L'édition d'avril 2026 consacre une attention analytique importante à la macroéconomie des dépenses de défense. Le chapitre 2 du rapport constate que les fortes hausses des dépenses de défense sont devenues plus fréquentes à l'échelle mondiale, en particulier dans les économies de marché émergentes et les économies en développement. Dans un cycle typique de hausse, le FMI estime que les dépenses de défense augmentent d'environ 2,7 points de pourcentage du PIB sur deux ans et demi, avec environ deux tiers financés par le déficit budgétaire. Si de telles hausses peuvent apporter un coup de pouce à court terme à l'activité économique, le Fonds met en garde contre des coûts significatifs à moyen terme : les déficits budgétaires se creusent d'environ 2,6 points de pourcentage du PIB, la dette publique augmente d'environ 7 points de pourcentage en trois ans, et les soldes extérieurs se détériorent. En temps de guerre, les coûts sont encore plus élevés, avec une dette publique bondissant d'environ 14 points de pourcentage et une diminution des dépenses sociales, une combinaison que le FMI prévient pourrait alimenter le mécontentement et les troubles sociaux. Le rapport note que les multiplicateurs des dépenses de défense avoisinent en moyenne 1, mais varient considérablement selon la manière dont les dépenses sont maintenues, financées et allouées, ainsi que selon le degré d'importation des équipements.
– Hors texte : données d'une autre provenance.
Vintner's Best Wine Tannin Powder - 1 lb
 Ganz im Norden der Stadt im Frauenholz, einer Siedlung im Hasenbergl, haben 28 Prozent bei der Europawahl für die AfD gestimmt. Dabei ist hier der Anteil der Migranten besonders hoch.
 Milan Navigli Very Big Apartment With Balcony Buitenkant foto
Le chapitre 3 du rapport adopte une perspective historique plus large, s'appuyant sur des données mondiales issues des conflits survenus depuis la Seconde Guerre mondiale pour évaluer les implications économiques à long terme des conflits armés. L'analyse constate que les guerres génèrent des pertes de production importantes et persistantes dans les économies touchées, supérieures à celles causées par les crises financières ou les catastrophes naturelles graves, tout en produisant des effets de débordement non négligeables sur les pays voisins et les partenaires commerciaux. Les reprises économiques après les conflits sont décrites comme lentes et inégales, dépendant essentiellement d'une paix durable. Même lorsque la paix est maintenue, les reprises restent modestes par rapport aux pertes enregistrées en temps de guerre, portées principalement par la normalisation du marché du travail tandis que le capital et la productivité demeurent atones pendant de longues périodes. Le FMI appelle à une stabilisation macroéconomique précoce, à une restructuration de la dette, à un soutien international et à des réformes institutionnelles nationales comme composantes essentielles de stratégies efficaces de relèvement post-conflit.

Dans ses recommandations de politique économique, le Fonds exhorte les gouvernements à favoriser l'adaptabilité, à maintenir des cadres de politique crédibles et à renforcer la coopération internationale comme outils essentiels pour naviguer dans le choc actuel tout en se préparant aux perturbations futures dans un environnement mondial de plus en plus incertain.

Les estimations et projections contenues dans les Perspectives de l'économie mondiale d'avril 2026 sont basées sur les informations statistiques disponibles au 1er avril 2026, selon le FMI.